Posted On October 26th, 2015 by Angela Falco
CALM BEFORE THE STORM? A DISCUSSION AND ENDORSEMENT OF THE MODEL STORM CHASER CONSUMER PROTECTION ACT
By Nicholas D. Hornung
Insurance fraud is a growing and alarming problem occurring every day and in every state, especially Arkansas. From staged automobile crashes to fake automobile thefts to arson, there are a multitude of ways for criminals to fraudulently collect proceeds from insurers. However, one area of insurance fraud that receives little attention and affects those who are most vulnerable is contractor fraud. While Spring is a wonderful time of year in Arkansas, it also brings severe weather and an increased number of storm loss claims. As a result, some contractors travel around the country looking for damaged homes following the night of a storm, offering to fix a home or structure, receiving a down payment for the work, and never completing the job. Thanks to a proposed model law by Arkansas Senator Jason Rapert, there may be more rules and regulations passed by state legislatures throughout the country to protect both insurers and insureds against this type of fraudulent conduct.

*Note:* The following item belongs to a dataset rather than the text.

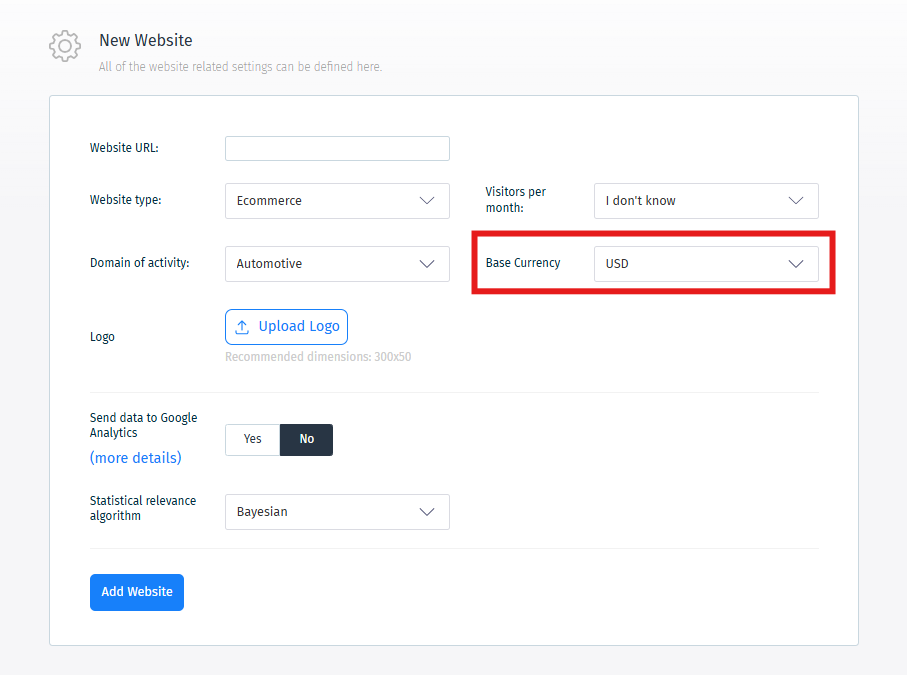 The New Website form with the Base Currency field highlighted.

At the National Conference of Insurance Legislators (NCOIL) Summer Meeting this past July, Senator Jason Rapert co-sponsored a proposed model law entitled the Storm Chaser Consumer Protection Act (the Act). According to a pre-meeting memorandum distributed by NCOIL Executive Director Susan Nolan, the Act would establish minimum standards for roofing contracts and would: (1) require various disclosures, including an approximate cost estimate; (2) allow a consumer to cancel the contract if the consumer’s insurer denies all or part of the claim; (3) require a contractor to return any payments or deposits that the consumer made to the contractor except for costs of providing emergency services if the consumer cancels the contract; (4) require contractors to maintain certain insurance coverages; (5) establish contractor prohibitions, penalties, and licensing requirements; and (6) allow certain exemptions – such as farm and residential property owners doing work on their own premises. Representative Rich Golick (GA), who co-sponsored the model law with Senator Rapert, urged fellow lawmakers to support the draft, and noted contractor fraud “increases overall costs, takes business away from reputable contractors and ultimately drives up insurance costs.” The Act was subsequently and unanimously adopted by NCOIL at the Summer Meeting.

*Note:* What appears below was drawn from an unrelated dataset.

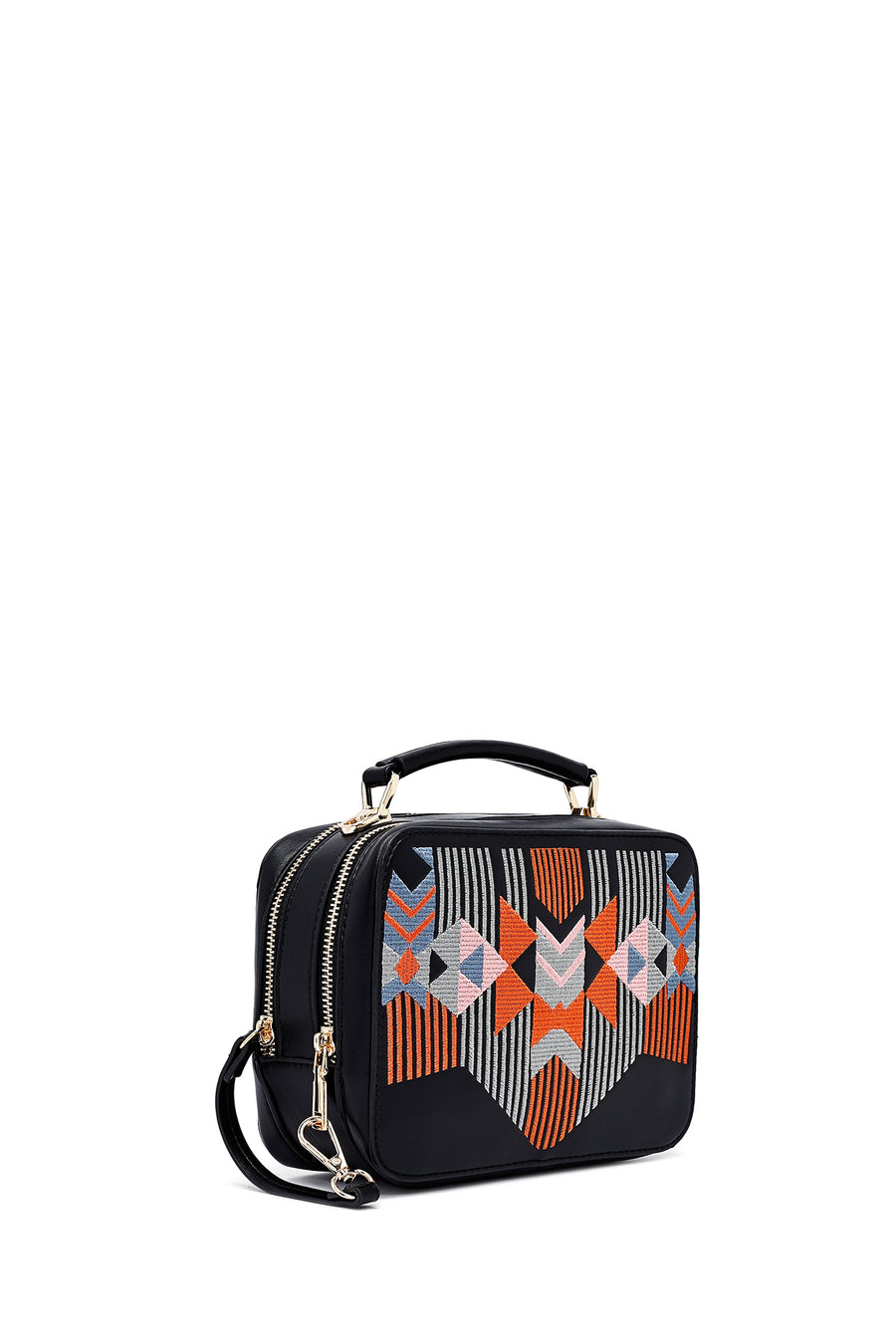Women's Black Printed Long Strap Crossbody Bag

The Act contains 14 sections. Section 2 states the purpose of the Act is “to establish minimum standards for roofing contracts and to promote fair and honest practices in the roofing services business.” Section 3 defines various terms in the Act including “Consumer,” “Contract,” and “Contractor.” Section 4 requires a written contract for any services undertaken specifying various details such as, inter alia, an itemized description of the work, a total itemized amount agreed to be paid for the work to be performed, and a conspicuous provision notifying the insured the contract may be canceled at any time within three business days pursuant to §§ 5 & 6. Under § 7, any contractor who wishes to perform roofing services must register and apply with the appropriate governmental body, thereby providing greater oversight that the contractor is in good standing. Section 8 requires a contractor to obtain and maintain, inter alia, Workers’ compensation insurance, public liability insurance, and bodily injury insurance. Section 9 establishes the penalties for contractors who fail to abide by the Act. Section 10 prohibits and regulates certain contractor conduct such as advertising, referrals, and methods of payment. The final substantive section is § 11, which exempts certain parties from the Act such as residential or farm property owners who decide to repair damaged property themselves and governmental employees or representatives performing services upon government property.

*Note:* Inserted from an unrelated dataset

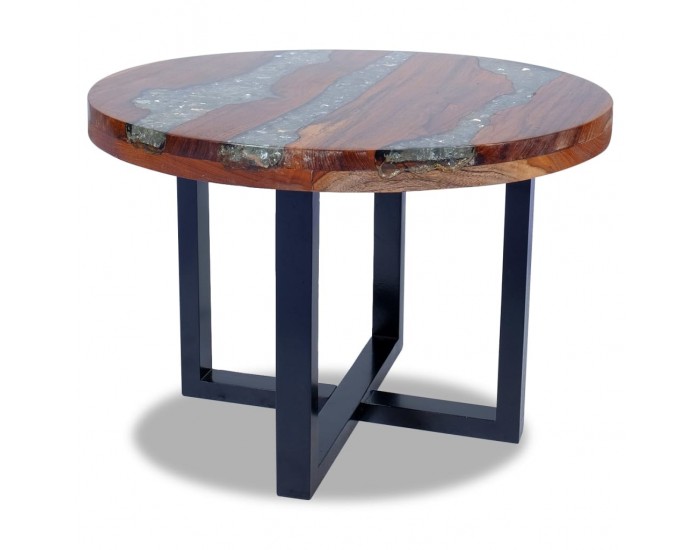 Sonata H Маса за кафе, солидно тиково дърво и смола, 60 см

As the upcoming Arkansas Legislative session is a fiscal one, the earliest the Act, or a similar piece of legislation, could be submitted as a Bill would be 2017 during the 92ndGeneral Assembly. In the meantime, other states may adopt the Act, and some states like Arizona, Colorado, and Indiana have already approved measures to increase consumer protections against roofing contractor fraud. In the interest of both insurance companies and Arkansans, I think it would be wise for Arkansas to do the same and ask the Arkansas Association of Defense Counsel’s legislative Committee to look into the matter.